**WHAT THE TASK REQUIRES**
Only the stretch below from the line holding "Mens celtic wedding" through the line holding "Large accumulation of" should be restated, word for word and with both ends included; pictures stay out.

**MATERIAL SUPPLIED**
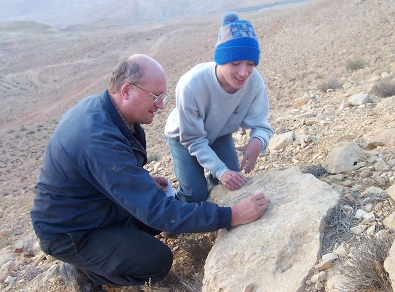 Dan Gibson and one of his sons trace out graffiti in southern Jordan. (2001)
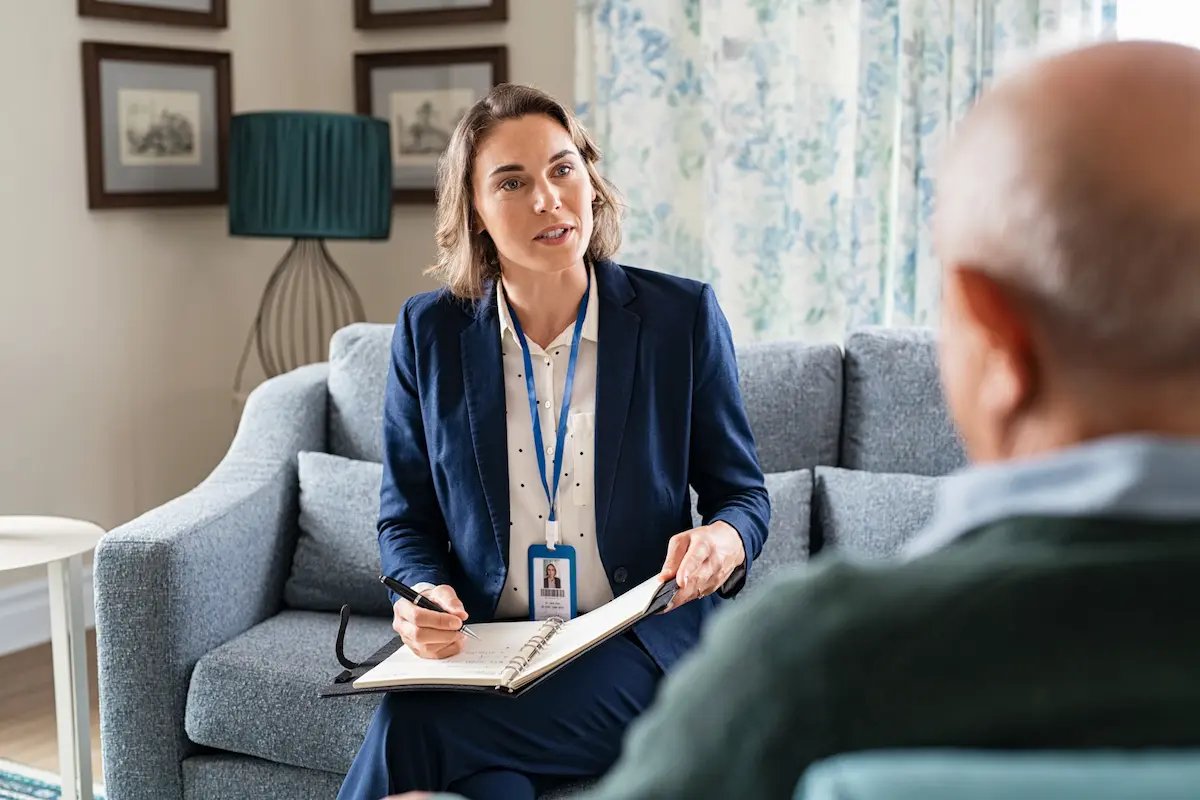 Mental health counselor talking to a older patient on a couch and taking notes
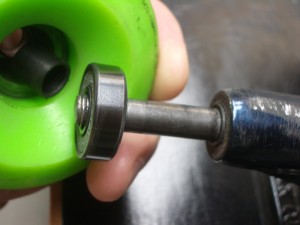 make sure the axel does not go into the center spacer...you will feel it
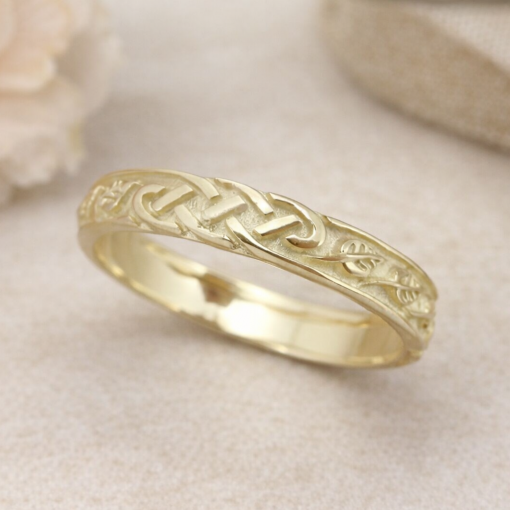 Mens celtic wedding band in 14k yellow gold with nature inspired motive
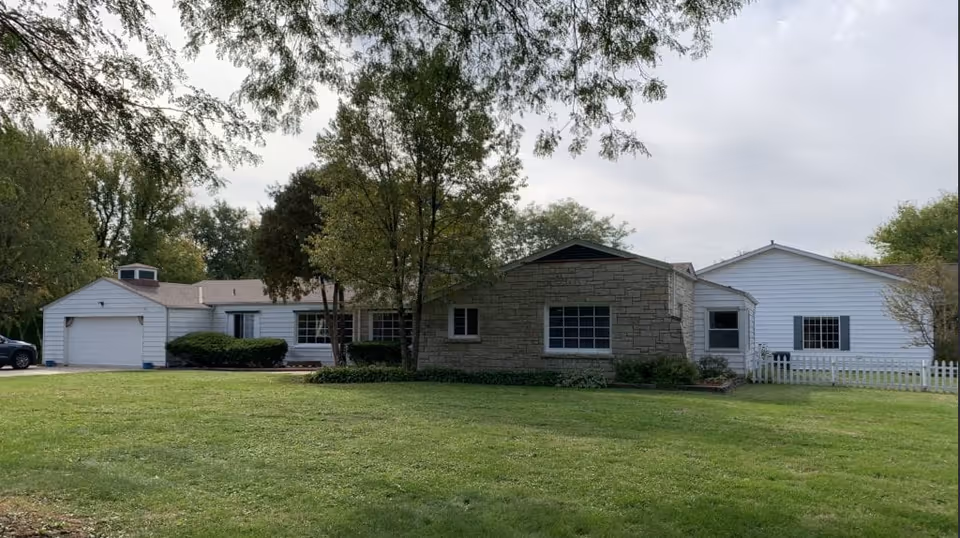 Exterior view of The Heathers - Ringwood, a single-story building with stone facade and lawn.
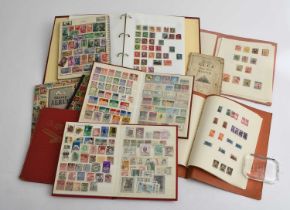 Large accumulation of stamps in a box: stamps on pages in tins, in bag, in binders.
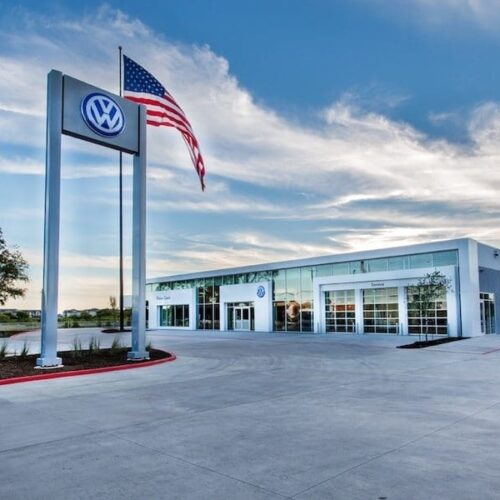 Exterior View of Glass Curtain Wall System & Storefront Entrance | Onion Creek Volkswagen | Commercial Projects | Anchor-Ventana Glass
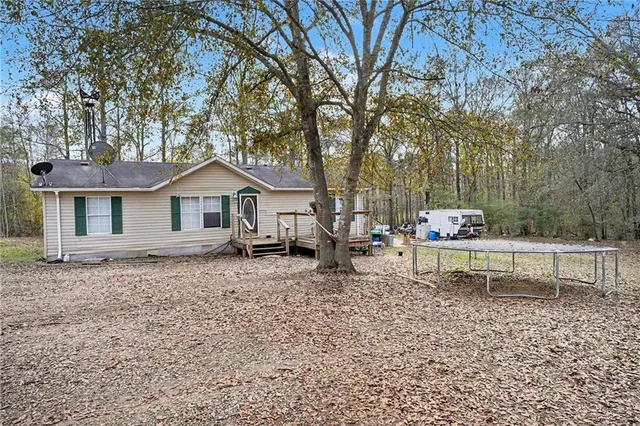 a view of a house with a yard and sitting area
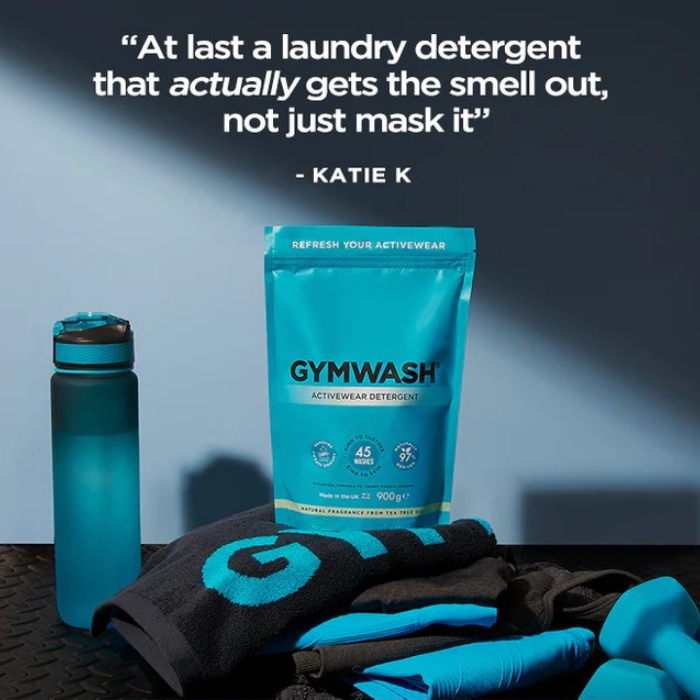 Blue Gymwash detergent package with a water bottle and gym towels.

**YOUR SOLUTION**
 Mens celtic wedding band in 14k yellow gold with nature inspired motive
 Exterior view of The Heathers - Ringwood, a single-story building with stone facade and lawn.
 Large accumulation of stamps in a box: stamps on pages in tins, in bag, in binders.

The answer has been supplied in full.